• [REQUIREMENT]: When you reach the line that contains "Arizona Womens Juniors" in the data below, start reproducing lines exactly, and stop after the line that contains "Girls Winter Formal".

START INFORMATION SUPPLIED

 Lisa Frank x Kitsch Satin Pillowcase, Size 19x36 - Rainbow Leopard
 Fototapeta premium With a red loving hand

END INFORMATION SUPPLIED
START INFORMATION SUPPLIED

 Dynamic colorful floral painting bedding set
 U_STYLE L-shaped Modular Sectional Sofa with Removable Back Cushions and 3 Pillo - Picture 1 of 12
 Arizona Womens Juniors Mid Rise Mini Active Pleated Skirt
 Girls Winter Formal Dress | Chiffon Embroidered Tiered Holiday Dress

END INFORMATION SUPPLIED
START INFORMATION SUPPLIED

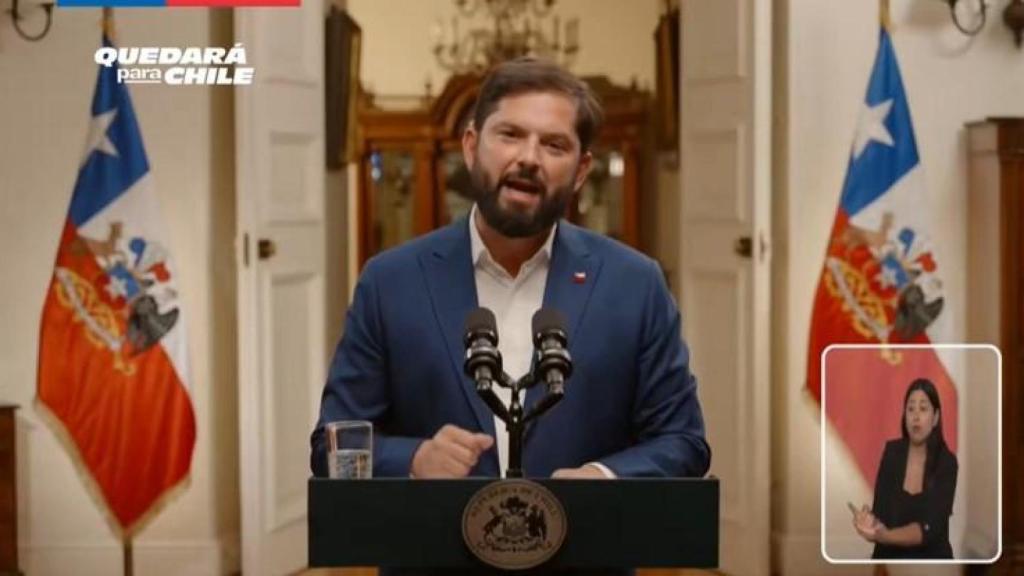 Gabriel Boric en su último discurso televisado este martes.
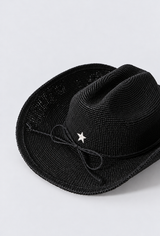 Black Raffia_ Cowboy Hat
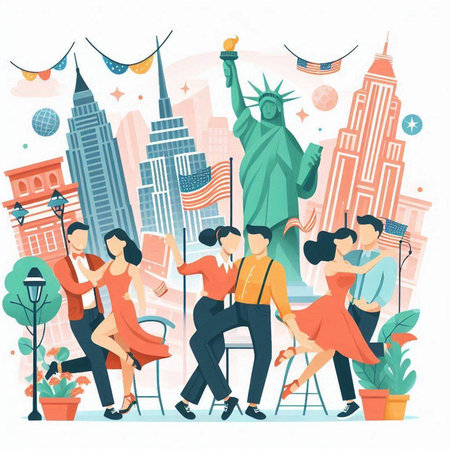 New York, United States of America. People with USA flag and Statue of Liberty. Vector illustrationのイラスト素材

END INFORMATION SUPPLIED

• [YOUR RESPONSE]:
 Arizona Womens Juniors Mid Rise Mini Active Pleated Skirt
 Girls Winter Formal Dress | Chiffon Embroidered Tiered Holiday Dress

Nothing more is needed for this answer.